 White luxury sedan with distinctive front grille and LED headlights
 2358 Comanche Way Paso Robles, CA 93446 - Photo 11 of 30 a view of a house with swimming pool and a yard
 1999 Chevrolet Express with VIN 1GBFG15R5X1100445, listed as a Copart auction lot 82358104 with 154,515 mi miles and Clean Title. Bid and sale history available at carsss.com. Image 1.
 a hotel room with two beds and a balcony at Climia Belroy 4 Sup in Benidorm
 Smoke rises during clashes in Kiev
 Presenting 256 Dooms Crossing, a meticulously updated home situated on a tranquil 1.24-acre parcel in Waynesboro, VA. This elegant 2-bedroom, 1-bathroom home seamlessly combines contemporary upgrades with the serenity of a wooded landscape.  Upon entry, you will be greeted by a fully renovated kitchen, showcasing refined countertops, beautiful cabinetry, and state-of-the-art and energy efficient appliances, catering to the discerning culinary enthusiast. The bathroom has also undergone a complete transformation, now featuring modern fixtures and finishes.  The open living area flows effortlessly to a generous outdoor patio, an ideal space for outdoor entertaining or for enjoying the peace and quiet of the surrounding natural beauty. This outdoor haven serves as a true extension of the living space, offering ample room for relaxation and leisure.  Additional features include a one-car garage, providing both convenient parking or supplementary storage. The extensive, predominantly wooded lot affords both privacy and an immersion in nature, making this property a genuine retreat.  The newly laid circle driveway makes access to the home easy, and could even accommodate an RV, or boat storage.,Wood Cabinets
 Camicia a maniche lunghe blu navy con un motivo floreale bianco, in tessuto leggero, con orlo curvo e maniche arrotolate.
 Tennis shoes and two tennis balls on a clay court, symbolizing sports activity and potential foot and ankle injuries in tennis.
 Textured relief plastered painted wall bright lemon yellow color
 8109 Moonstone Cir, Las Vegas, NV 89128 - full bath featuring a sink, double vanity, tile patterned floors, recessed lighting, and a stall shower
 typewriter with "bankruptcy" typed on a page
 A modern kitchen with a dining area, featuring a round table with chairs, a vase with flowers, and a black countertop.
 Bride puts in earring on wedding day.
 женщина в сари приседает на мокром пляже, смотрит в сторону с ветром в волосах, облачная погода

• _Task requirements_
Write out, word for word, the line containing "Tennis shoes and" and every line after it to the end of the data above.

• _Reply_
 Tennis shoes and two tennis balls on a clay court, symbolizing sports activity and potential foot and ankle injuries in tennis.
 Textured relief plastered painted wall bright lemon yellow color
 8109 Moonstone Cir, Las Vegas, NV 89128 - full bath featuring a sink, double vanity, tile patterned floors, recessed lighting, and a stall shower
 typewriter with "bankruptcy" typed on a page
 A modern kitchen with a dining area, featuring a round table with chairs, a vase with flowers, and a black countertop.
 Bride puts in earring on wedding day.
 женщина в сари приседает на мокром пляже, смотрит в сторону с ветром в волосах, облачная погода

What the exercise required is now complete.